Robert Collins (lifeless) wrote :

On Wed, 2009-05-13 at 03:33 +0000, Ian Clatworthy wrote:
>
> I'd expect bzr commit -x '' to be a pointless commit. I suspect my
> code
> will error in exactly that way. It's a *very* pathological case as
> well:
> no sane person would do that on the command line (though it may happen
> via the API).

Thats not what I mean. What I mean is
bzr init
bzr add *
bzr commit -m 'foo' README
-> bad data.

> > I appreciate not wanting to monkey with iter_changes, but the
> problem
> > with doing this just up at the commit level is that you have to
> black
> > box test. I don't think its safe to put these particular changes
> into
> > commit without specific tests.
> >
> >
> "bzr selftest commit" runs 2335 tests so I think it's test coverage is
> pretty comprehensive. Lots of tests broke during the course of putting
> this patch together fwiw, e.g. simply passing specific_files to
> iter_changes breaks the test suite so bug 347649 is indeed trapped by
> tests.

That count includes all the micro tests that test specific behaviours of
commit builder. I'm glad that we have accidental coverage of the bug;
I'm still very sure we don't have explicit coverage.

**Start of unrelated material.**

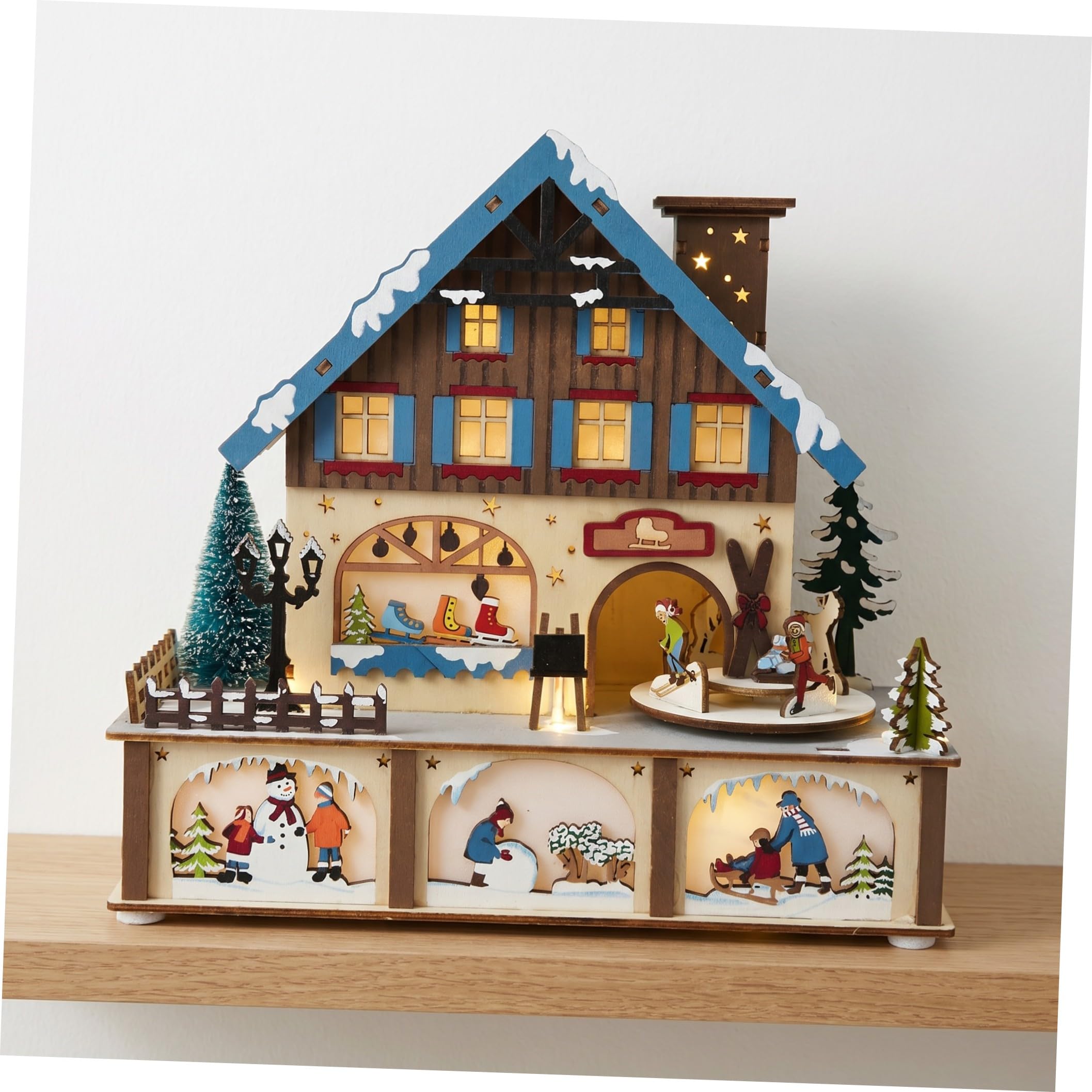 PRETYZOOM Decorazione Natalizia in Legno con LED Luminoso Piccola Scultura da Tavolo per Atmosfera Festiva e Decorazione Natalizia Accogliente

> That still implies adding 2 new options to *multiple* implementations
> of
> iter_changes: yield_parents and exclude_files, say. That's a far
> bigger
> change than this for no additional performance gain. Longer term, I'd
> be
> surprised if pushing exclude_files down could gain us much.

We have the concept that 'diff' and 'status' show us what 'commit' will
do. Until we have commit building on the same logic we'll struggle to
make that a reality. That is another thing that pushing the logic down
will help with.

> Yielding
> parents in-situ could be *slightly* faster though but it would take a
> large delta before any speed difference was noticed I suspect.
> > review disapprove

> This patch is an interim step - we really want to leverage the
> specific_files masking at the layer below so someone running 'bzr
> commit
> foo/bar' on the whole Debian tree gets a fast response that this patch
> delivers. Having said that, I don't think this patch is a band-aid and
> it meets all our criteria for approval: code quality is good, test
> coverage is not reduced and performance is improved by a factor of
> 4(!!)
> on a common operation. I think it ought to be landed as a step forward
> while I work on a faster solution. But that's just me.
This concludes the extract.